The most harrowing example of this blindness, Heffernan points out, is in families damaged by child abuse. Some 700,000 cases of child abuse are reported each year — and this is one of the most underreported forms of violence in society for a variety of reasons — which makes it impossible to imagine how so many families can be blind to the tragedy within. And yet, Heffernan notes, imagining and acknowledging such a devastating idea requires of non-perpetrating parents and guardians to question their own reality to such a degree that many find unconscious escape in their “willful blindness.”

There is a way to make sure I don't make the same mistakes.

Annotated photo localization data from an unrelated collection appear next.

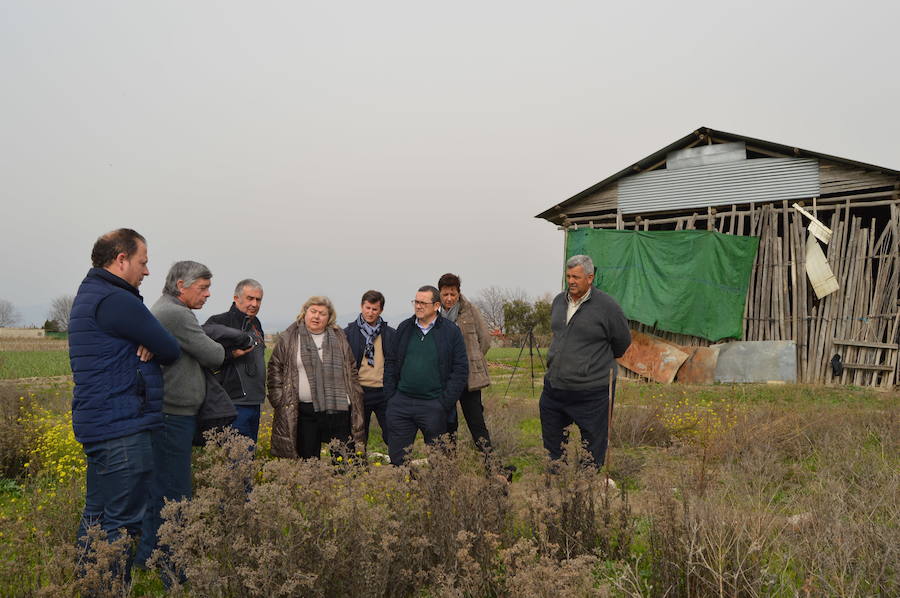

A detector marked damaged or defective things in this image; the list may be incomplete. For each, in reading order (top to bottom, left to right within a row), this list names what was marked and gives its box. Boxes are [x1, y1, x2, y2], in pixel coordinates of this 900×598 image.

rusty metal sheet [620, 332, 688, 384]
rusty metal sheet [680, 344, 720, 386]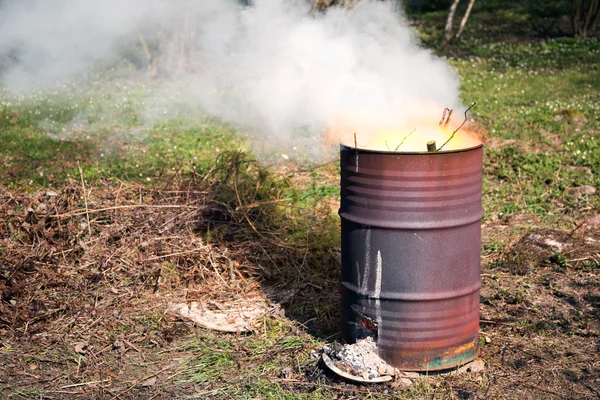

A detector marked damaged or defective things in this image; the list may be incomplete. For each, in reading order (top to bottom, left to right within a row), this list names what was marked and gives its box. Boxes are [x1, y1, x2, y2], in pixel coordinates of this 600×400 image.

rusty metal barrel [340, 144, 486, 372]
rust stain on barrel [340, 144, 486, 372]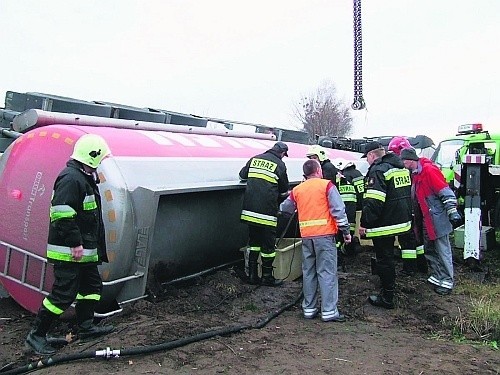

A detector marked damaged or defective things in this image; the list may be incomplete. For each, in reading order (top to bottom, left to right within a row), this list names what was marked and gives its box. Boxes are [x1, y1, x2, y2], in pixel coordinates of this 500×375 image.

overturned tanker truck [0, 104, 360, 316]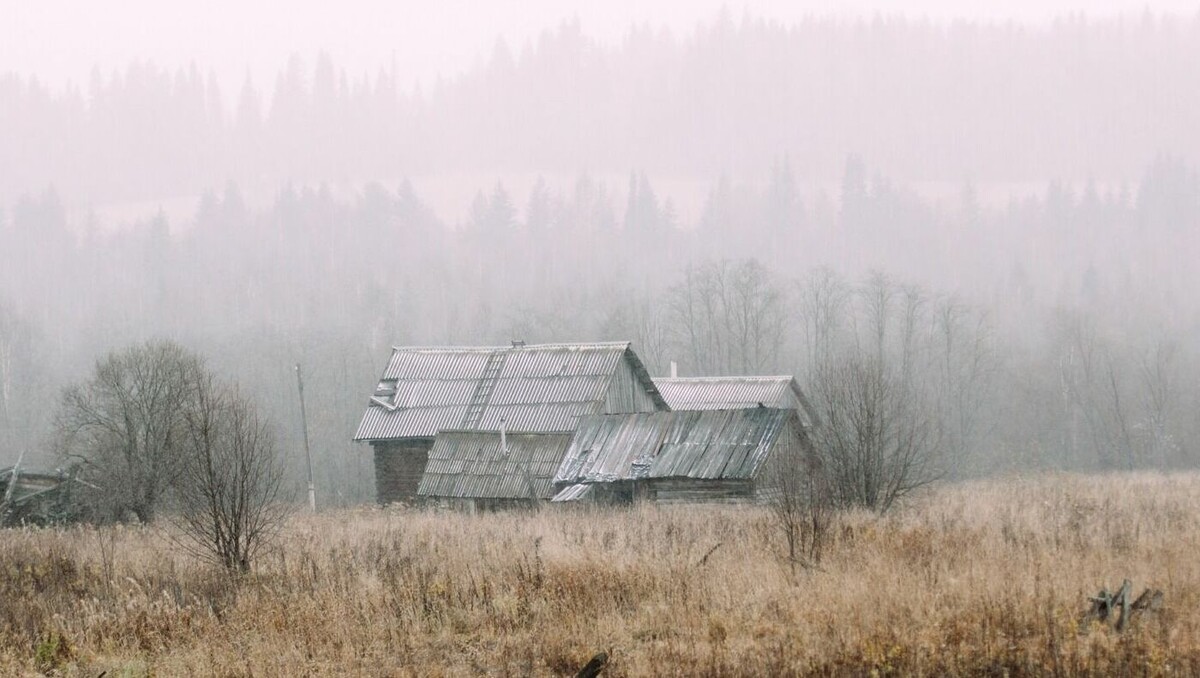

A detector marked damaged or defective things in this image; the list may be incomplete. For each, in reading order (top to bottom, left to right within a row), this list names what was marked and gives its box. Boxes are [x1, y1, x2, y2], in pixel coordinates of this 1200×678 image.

rusty metal roof sheet [350, 340, 672, 441]
rusty metal roof sheet [652, 379, 820, 424]
rusty metal roof sheet [420, 432, 573, 499]
rusty metal roof sheet [556, 405, 801, 484]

The most crucial learning that has emerged from this science is the recognition that we continue to change right up to the moment we die. Every experience and encounter, each piece of new learning, each relationship or reassessment alters how our minds work. And no two experiences are the same. In his work on the human genome, the Nobel laureate Sydney Brenner reminds us that even identical twins will have different experiences in different environments and that that makes them fundamentally different beings. Identical twins develop different immune systems. Mental practice alone can change how our brains operate. The plasticity and responsiveness of our minds is what makes each of us most remarkable… We aren’t automata serving the master computer in our heads, and our capacity for change can never be underestimated.

[…]

We make ourselves powerless when we choose not to know. But we give ourselves hope when we insist on looking. The very fact that willful blindness is willed, that it is a product of a rich mix of experience, knowledge, thinking, neurons, and neuroses, is what gives us the capacity to change it. Like Lear, we can learn to see better, not just because our brain changes but because we do. As all wisdom does, seeing starts with simple questions: What could I know, should I know, that I don’t know? Just what am I missing here?